In a \( \triangle ABC \), prove that \( \frac{\sin B}{\sin C} = \frac{c - a\cos B}{b - a\cos C} \).
In a \( \triangle ABC \), prove that \( a\cos A + b\cos B + c\cos C = 2a\sin B \sin C \).
In a \( \triangle ABC \), \( \angle A = 60^\circ \).
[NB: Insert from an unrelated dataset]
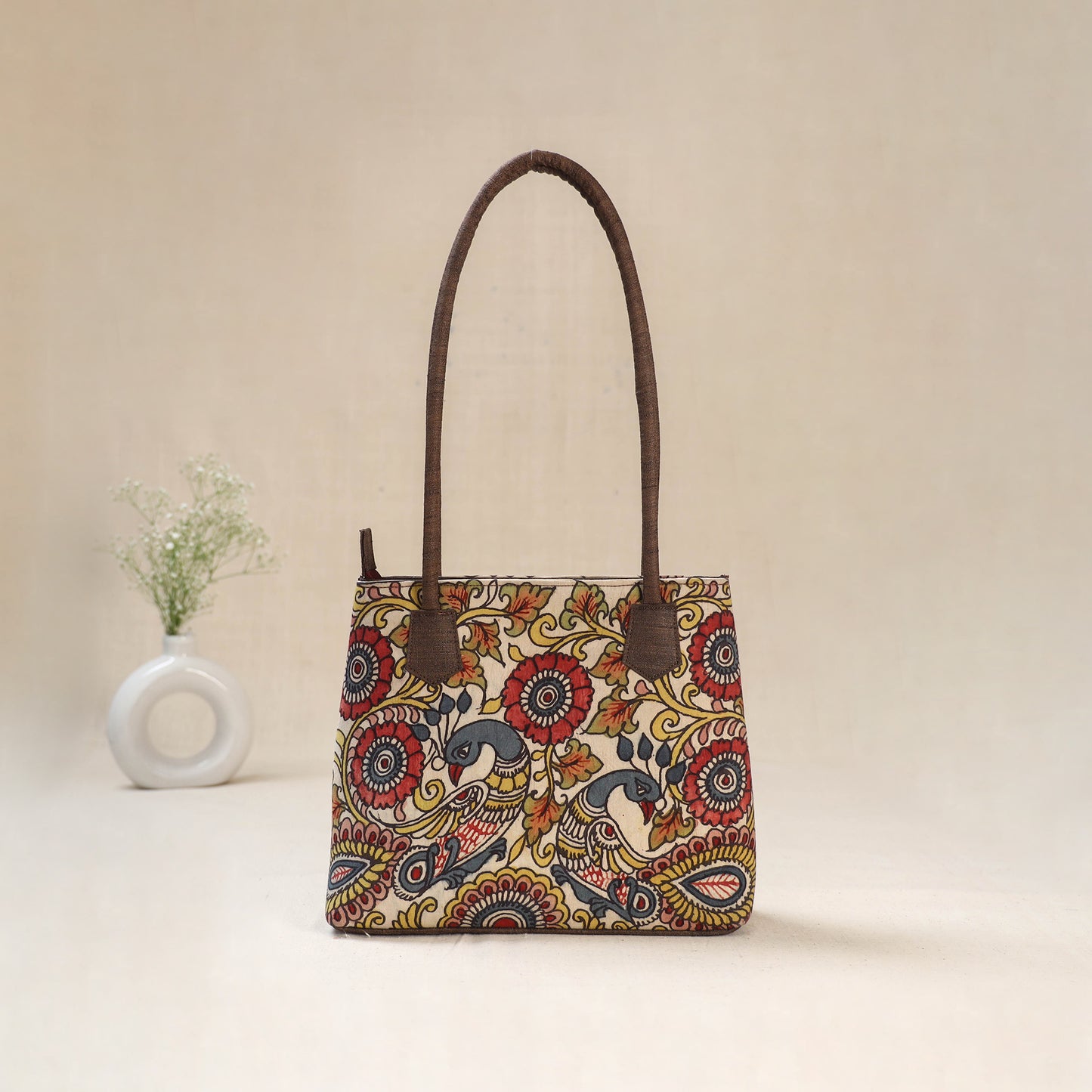 Multicolor - Srikalahasti Kalamkari Handpainted Shoulder Bag 40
Prove that \( b + c = 2a\cos\left(\frac{B - C}{2}\right) \).
In a \( \triangle ABC \), prove the following (i) \( a\sin\left(\frac{A}{2} + B\right) = (b + c)\sin \frac{A}{2} \) (ii) \( a(\cos B + \cos C) = 2(b + c)\sin^2 \frac{A}{2} \) (iii) \( \frac{a^2 - c^2}{b^2} = \frac{\sin(A - C)}{\sin(A + C)} \) (iv) \( \frac{a\sin(B - C)}{b^2 - c^2} = \frac{b\sin(C - A)}{c^2 - a^2} = \frac{c\sin(A - B)}{a^2 - b^2} \) (v) \( \frac{a + b}{a - b} = \tan\left(\frac{A + B}{2}\right) \cot\left(\frac{A - B}{2}\right) \).
In a \( \triangle ABC \), prove that \( (a^2 - b^2 + c^2)\tan B = (a^2 + b^2 - c^2)\tan C \).
An Engineer has to develop a triangular shaped park with a perimeter \( 120 \) m in a village. The park to be developed must be of maximum area. Find out the dimensions of the park.
A rope of length \( 12 \) m is given. Find the largest area of the triangle formed by this rope and find the dimensions of the triangle so formed.
Derive Projection formula from (i) Law of sines, (ii) Law of cosines.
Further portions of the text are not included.